Look for the string "gold" in the listing below and copy every line in which it appears.

***** PROVIDED ENTRIES *****

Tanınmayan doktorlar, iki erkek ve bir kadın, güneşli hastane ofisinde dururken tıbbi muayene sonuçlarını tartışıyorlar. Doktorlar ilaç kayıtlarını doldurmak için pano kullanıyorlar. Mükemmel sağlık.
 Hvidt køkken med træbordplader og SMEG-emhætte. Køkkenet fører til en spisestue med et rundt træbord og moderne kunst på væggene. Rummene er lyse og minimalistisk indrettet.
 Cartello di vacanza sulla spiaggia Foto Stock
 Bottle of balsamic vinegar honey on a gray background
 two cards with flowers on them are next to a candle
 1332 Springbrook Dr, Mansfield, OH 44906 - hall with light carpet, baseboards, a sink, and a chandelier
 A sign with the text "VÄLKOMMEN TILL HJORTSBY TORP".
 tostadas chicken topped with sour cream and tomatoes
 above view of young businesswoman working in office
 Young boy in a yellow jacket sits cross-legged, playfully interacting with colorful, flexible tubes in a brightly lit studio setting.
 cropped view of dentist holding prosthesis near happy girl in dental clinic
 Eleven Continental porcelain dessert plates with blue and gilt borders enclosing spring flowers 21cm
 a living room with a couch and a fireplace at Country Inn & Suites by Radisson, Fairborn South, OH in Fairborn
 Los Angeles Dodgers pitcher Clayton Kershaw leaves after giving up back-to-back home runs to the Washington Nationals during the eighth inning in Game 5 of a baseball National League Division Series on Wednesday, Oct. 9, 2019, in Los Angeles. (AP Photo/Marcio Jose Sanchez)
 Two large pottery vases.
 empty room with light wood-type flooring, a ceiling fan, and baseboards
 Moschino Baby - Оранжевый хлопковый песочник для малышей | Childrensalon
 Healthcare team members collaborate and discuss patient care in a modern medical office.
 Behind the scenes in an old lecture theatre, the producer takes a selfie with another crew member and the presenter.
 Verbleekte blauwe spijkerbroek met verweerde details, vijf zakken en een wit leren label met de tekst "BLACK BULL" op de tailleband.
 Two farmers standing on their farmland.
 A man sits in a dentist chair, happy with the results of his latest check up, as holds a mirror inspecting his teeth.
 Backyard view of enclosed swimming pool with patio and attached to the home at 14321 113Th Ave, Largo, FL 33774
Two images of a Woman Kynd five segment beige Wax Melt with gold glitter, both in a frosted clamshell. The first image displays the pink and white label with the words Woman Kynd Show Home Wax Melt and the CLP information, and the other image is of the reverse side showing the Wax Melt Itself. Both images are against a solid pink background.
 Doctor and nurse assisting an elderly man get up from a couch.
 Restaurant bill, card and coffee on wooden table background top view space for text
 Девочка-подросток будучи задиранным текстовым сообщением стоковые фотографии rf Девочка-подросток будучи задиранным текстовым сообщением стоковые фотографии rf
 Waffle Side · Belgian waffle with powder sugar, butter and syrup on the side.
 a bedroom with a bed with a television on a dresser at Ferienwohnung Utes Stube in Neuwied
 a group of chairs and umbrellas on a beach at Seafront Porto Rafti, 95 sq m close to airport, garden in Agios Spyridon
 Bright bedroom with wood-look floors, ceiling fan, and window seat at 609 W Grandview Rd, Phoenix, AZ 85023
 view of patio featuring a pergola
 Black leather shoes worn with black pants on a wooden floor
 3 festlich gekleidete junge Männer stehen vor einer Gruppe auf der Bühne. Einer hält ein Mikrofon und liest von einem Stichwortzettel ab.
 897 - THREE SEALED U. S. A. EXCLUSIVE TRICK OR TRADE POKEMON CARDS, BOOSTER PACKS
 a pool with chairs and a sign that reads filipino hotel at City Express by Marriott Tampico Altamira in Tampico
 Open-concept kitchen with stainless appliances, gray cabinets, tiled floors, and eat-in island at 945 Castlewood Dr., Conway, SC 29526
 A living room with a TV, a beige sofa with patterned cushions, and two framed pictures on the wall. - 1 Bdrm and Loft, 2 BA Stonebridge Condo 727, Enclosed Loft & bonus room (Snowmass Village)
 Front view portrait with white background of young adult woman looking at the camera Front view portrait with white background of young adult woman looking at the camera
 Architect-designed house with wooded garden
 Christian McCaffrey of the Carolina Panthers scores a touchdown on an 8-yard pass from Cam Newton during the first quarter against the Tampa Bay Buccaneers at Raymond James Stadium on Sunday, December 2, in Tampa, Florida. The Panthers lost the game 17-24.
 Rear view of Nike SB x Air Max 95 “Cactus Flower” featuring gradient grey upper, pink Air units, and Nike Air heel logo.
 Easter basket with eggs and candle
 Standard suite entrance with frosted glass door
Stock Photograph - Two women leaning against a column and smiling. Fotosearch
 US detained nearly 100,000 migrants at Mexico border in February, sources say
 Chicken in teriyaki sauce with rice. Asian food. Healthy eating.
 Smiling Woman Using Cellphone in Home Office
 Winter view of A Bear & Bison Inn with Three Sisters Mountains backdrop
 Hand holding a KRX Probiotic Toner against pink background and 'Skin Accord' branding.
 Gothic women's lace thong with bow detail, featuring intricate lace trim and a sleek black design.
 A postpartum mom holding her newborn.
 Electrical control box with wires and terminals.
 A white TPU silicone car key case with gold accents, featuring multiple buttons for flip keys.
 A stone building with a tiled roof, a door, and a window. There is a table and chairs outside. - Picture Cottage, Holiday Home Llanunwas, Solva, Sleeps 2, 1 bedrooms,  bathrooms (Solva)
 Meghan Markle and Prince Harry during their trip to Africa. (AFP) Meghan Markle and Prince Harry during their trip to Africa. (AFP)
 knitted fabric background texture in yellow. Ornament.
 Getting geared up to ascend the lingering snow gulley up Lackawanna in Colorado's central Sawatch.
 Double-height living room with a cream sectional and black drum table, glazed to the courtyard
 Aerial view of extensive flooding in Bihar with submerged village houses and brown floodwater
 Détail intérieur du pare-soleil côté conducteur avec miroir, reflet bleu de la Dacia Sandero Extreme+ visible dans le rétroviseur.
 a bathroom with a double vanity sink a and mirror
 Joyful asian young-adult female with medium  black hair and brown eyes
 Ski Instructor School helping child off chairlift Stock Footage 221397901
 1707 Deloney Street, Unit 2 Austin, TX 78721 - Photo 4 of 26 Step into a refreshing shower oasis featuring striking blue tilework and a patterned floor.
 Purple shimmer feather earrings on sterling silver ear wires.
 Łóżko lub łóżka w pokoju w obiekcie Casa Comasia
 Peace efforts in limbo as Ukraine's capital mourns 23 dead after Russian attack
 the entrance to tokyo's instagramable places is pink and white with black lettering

*****

● **ANSWER SECTION**
Two images of a Woman Kynd five segment beige Wax Melt with gold glitter, both in a frosted clamshell. The first image displays the pink and white label with the words Woman Kynd Show Home Wax Melt and the CLP information, and the other image is of the reverse side showing the Wax Melt Itself. Both images are against a solid pink background.
 A white TPU silicone car key case with gold accents, featuring multiple buttons for flip keys.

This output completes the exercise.